Jul 28, 2025
Comments & Extensions of Subliminal Learning
Clark Miyamoto, Tets Nagashima, Alex Jiang
Here we perform empirical studies of subliminal learning. We find evidence that representations are important for subliminal learning to occur.
Andrew Mack
The authors focus on a nice, well-scoped project which is achievable within the constraints of a hackathon. They study a toy version of subliminal learning where a student model is distilled using *only* the "auxiliary logits" from a trained teacher model, possibly on a different dataset, where the auxiliary logits are designed to be completely meaningless. Nevertheless, they find that teacher accuracy can be transmitted to the student via the meaningless auxiliary logits.

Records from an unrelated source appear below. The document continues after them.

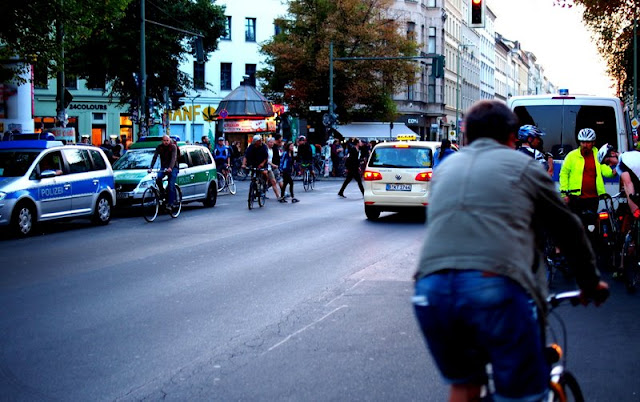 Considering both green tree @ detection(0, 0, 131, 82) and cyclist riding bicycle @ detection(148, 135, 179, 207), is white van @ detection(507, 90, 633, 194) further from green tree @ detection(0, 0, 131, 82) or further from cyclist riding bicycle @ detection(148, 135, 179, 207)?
green tree @ detection(0, 0, 131, 82)

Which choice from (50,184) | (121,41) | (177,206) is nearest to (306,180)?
(177,206)

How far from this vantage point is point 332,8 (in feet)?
192

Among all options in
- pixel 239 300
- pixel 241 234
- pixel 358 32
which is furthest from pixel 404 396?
pixel 358 32

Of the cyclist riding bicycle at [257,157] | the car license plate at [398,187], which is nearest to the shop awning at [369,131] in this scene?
the cyclist riding bicycle at [257,157]

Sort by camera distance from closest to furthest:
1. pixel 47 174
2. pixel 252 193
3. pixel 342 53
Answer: pixel 47 174
pixel 252 193
pixel 342 53

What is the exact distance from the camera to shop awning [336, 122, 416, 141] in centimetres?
7238

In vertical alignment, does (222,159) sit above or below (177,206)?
above

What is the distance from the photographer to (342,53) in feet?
195

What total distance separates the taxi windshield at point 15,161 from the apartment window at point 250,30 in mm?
59323

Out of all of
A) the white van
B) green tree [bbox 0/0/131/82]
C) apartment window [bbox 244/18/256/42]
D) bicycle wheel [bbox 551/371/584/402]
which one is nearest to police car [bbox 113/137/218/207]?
green tree [bbox 0/0/131/82]

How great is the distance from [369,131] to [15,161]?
5606 centimetres

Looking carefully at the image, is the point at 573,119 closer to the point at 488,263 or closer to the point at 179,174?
the point at 179,174

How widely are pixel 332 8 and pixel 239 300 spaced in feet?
166

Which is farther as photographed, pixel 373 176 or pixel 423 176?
pixel 373 176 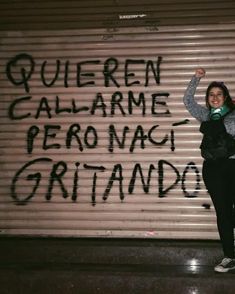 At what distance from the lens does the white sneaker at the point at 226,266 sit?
4488 millimetres

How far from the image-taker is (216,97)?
4.48m

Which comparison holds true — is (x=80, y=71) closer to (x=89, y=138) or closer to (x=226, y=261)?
(x=89, y=138)

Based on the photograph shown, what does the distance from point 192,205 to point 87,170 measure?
1.37 m

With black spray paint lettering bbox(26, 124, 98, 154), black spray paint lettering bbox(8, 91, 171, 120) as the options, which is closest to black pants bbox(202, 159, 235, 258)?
black spray paint lettering bbox(8, 91, 171, 120)

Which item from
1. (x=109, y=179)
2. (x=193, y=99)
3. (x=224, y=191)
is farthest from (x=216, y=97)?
(x=109, y=179)

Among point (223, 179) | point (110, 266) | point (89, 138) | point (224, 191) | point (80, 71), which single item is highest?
point (80, 71)

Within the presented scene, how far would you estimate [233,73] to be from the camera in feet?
16.9

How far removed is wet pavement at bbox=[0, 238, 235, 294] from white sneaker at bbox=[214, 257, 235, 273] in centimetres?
8

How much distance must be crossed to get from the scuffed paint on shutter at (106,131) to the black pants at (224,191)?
0.70 m

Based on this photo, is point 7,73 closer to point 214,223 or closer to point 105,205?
point 105,205

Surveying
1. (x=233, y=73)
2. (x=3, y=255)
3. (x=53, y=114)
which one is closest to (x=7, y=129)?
(x=53, y=114)

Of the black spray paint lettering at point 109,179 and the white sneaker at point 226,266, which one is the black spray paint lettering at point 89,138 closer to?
the black spray paint lettering at point 109,179

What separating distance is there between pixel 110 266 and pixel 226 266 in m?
1.28

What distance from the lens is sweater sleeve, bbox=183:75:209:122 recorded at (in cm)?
466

It would have been nice to have a short discussion of how this toy version of subliminal learning relates to that of Cloud et al (I lean towards them being related but I'm not sure). In any case, the author's definition of "subliminal learning" is interesting enough to warrant study on its own merits.
They present some preliminary evidence that increasing width decreases their definition of subliminal learning - the most compelling evidence is from figure 4 where we see that increasing the number of auxiliary logits increases subliminal learning for student models of width <=2048, but barely affects subliminal learning for the width 4096 model. The authors draw a nice connection to NTK as a hypothesis which may explain this result.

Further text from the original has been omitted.